Real estate is rewarding. I like my job. Sometimes, though, I get frustrated with my clients when they won't let me perform to the best of my ability.
For example, I once listed a spectacular Penthouse here in Miami Beach. Against my better judgment, we list the property at a price that I know is waaaay too high, of $3,800,000. We immediately get an offer for $3,000,000. Of course the owner is appalled at the "lowball offer". I try to reason with him, to let him know that we should be seriously considering this offer. I present him with all of the comps and the rationale for my thinking, but I just can't get through to my seller client.
When you hire a professional to assist you in the sale of your home, do your best to take advantage of all that professional has to offer you. Why pay for the services of a professional, and then ignore the cold, hard facts?
Two years later I re-listed the property at $2.8M! This is a text-book case of the frustrating part of my job. I would have loved to help my seller client make more, than he now can, two years later. My knowledge and intuition, plus the comps in front of us, told me we should have taken the first offer of $3,000,000.. I tried with all my might to convey this to my client. The Penthouse sold for $2,600,000. That is $400,000 LESS than had my client followed my original advices.
In this case I wasn't given the ability to 'work' for my commission.
I guess you could say it was harder work to try to convince him, as that took many hours of my time.
But I don't see my value in increments of time.
I guess you could say having to list it twice, two years apart, was more work on my part.

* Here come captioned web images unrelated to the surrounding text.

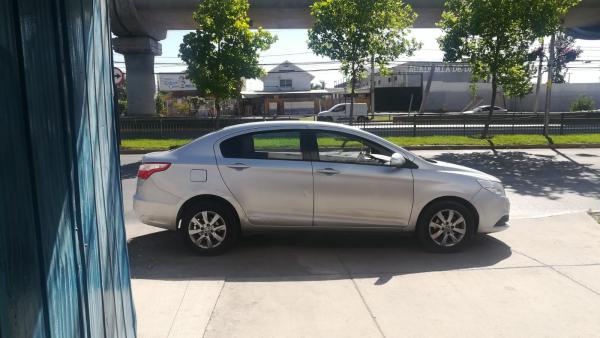 DONGFENG A30 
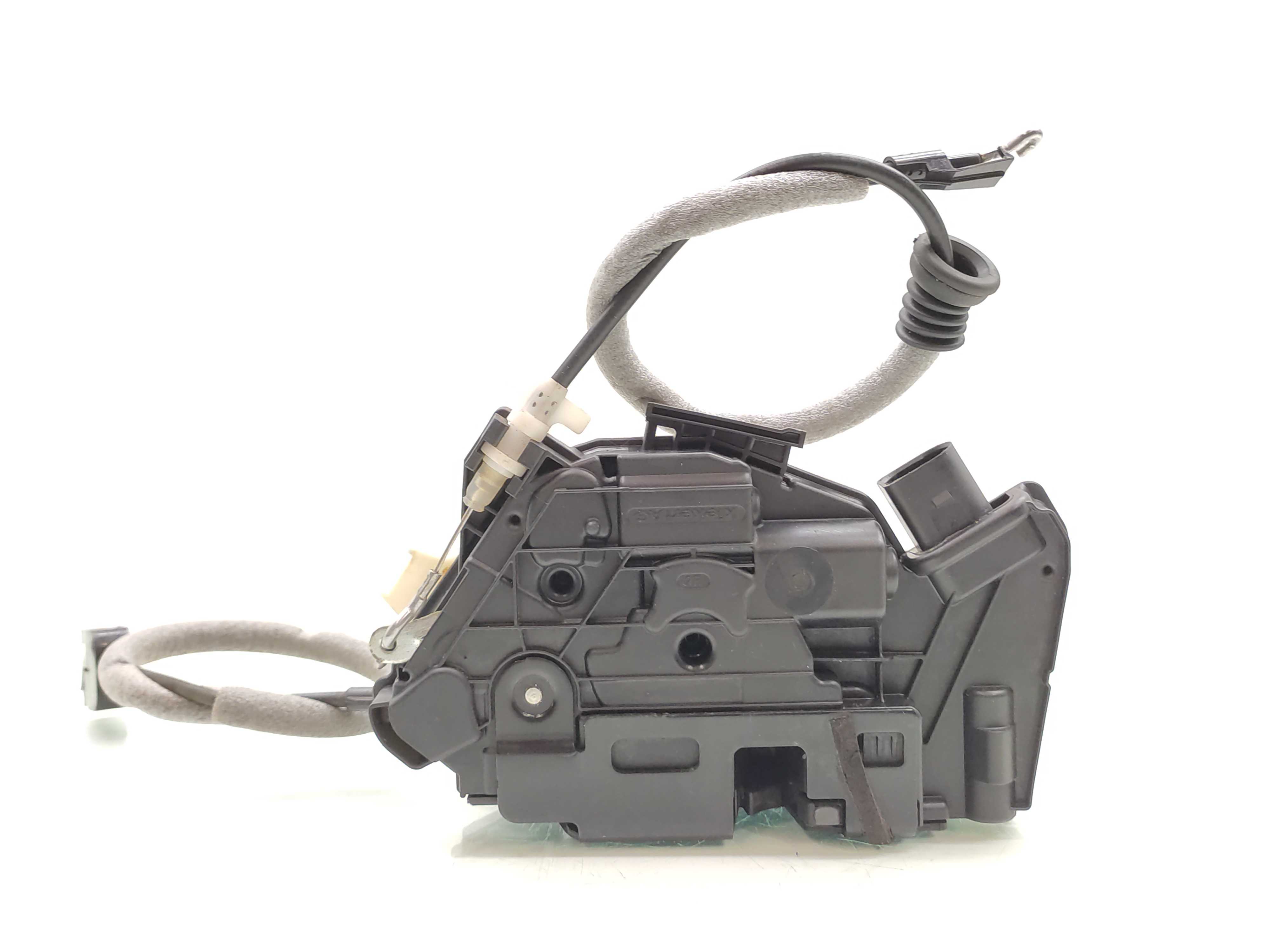 Fechadura Porta Dianteira Direita Vw Tiguan 2011 2012 2013 2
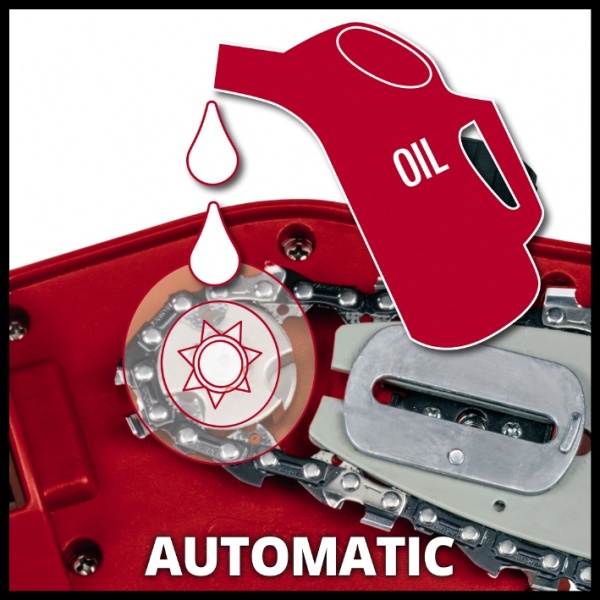 Высоторез GC-EC 7520 T (4501240)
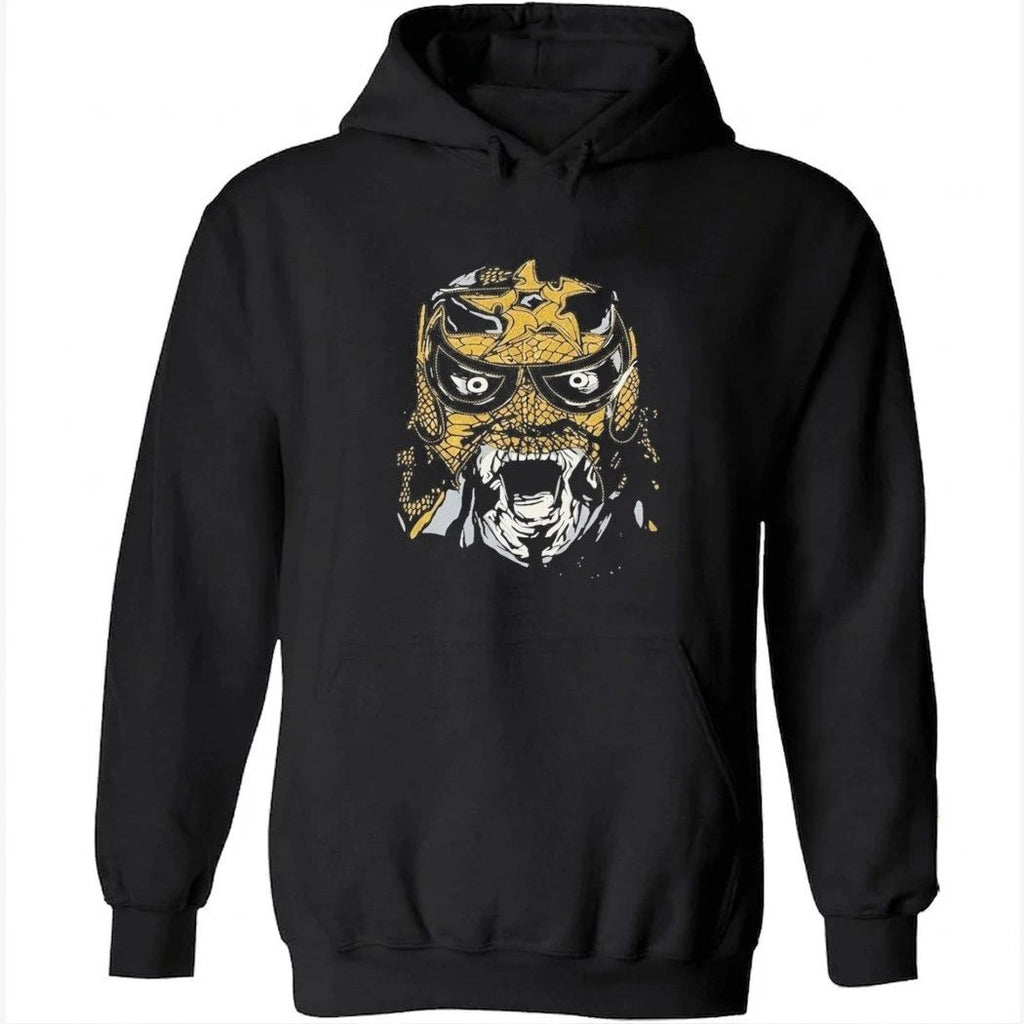 George Kittle Wrestlemania 42 Pentagon Jr Shirt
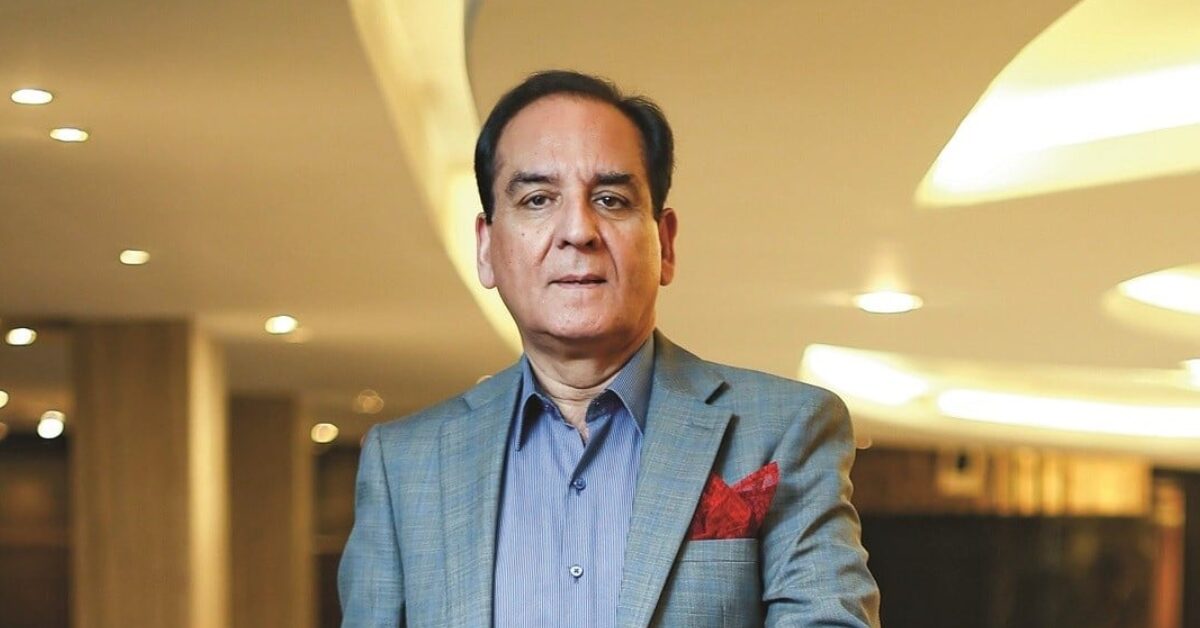 HAI’s K B Kachru urges structural reforms ahead of Union Budget 2026–27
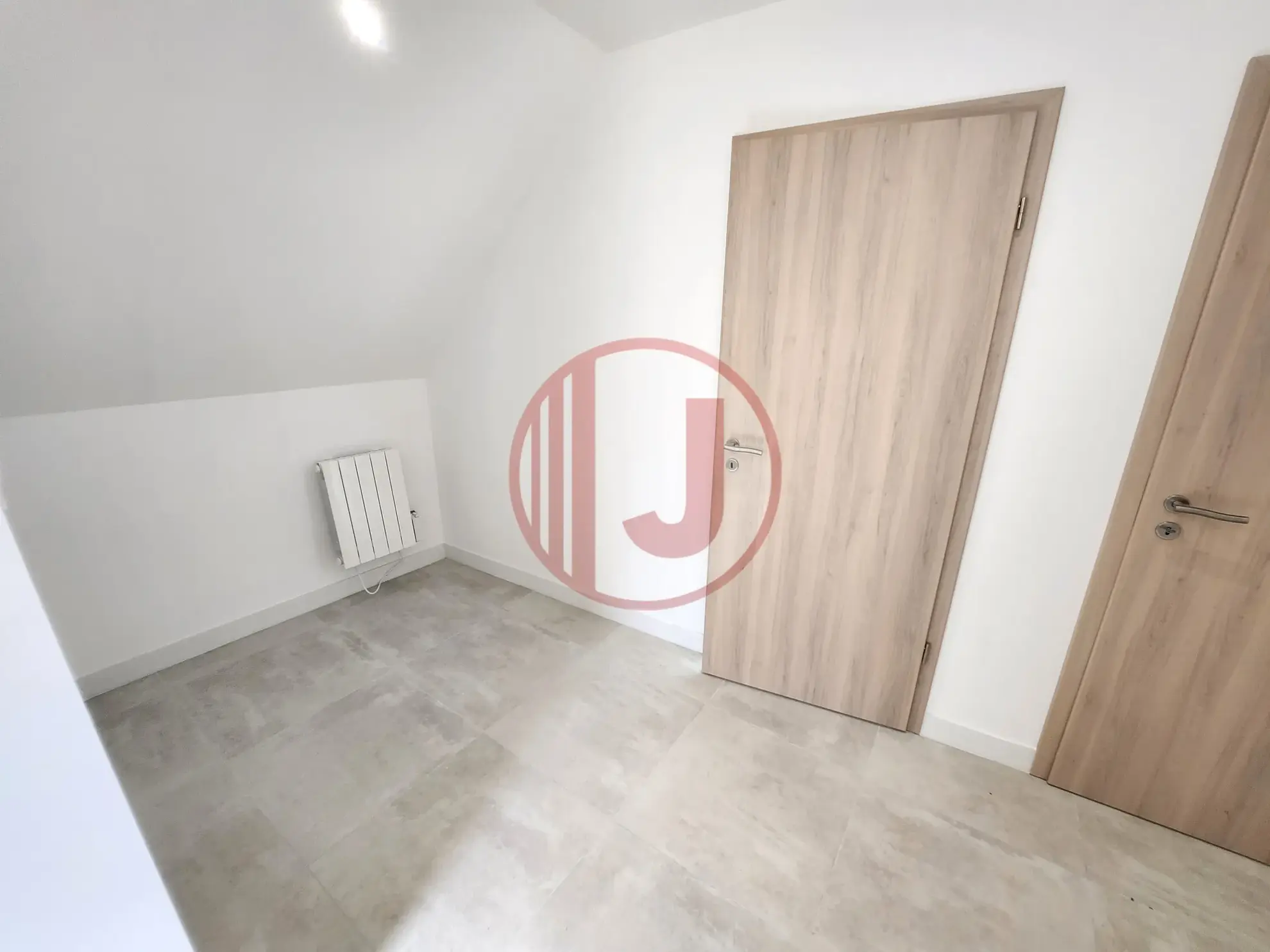 Maison neuve de 88m² à vendre au centre de Guebwiller 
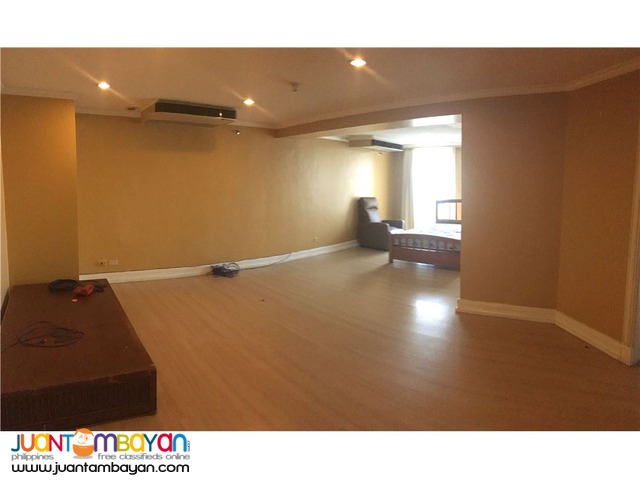 For Sale!!! Penthouse in The Salcedo Park Towers, Makati City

But I don't see it that way.
Perhaps if he had listened to me the first time around and taken the offer of $3,000,000, he would have felt that he undersold it. Clearly he knew it wasn't my fault, given he listed the property with me two years later. He didn't blame me when he eventually received $400,000 less, than had he listened to me two year's prior. I wanted to help him more than I did, but he just wouldn't let me.
When the owner made $400,000 less on the Penthouse; I still made my commission. What bothers me the most is had he taken full advantage of my skills, to his benefit, he would have been happier and so would I.
Sure, agents in my office congratulated me on my "big sale" and my "big commission", but I didn't feel as though I earned it as much as I would have, if the owner had taken the $3,000,000 offer per my advices in the first place. I sometimes think I am overpaid, when my clients ignore my best advices.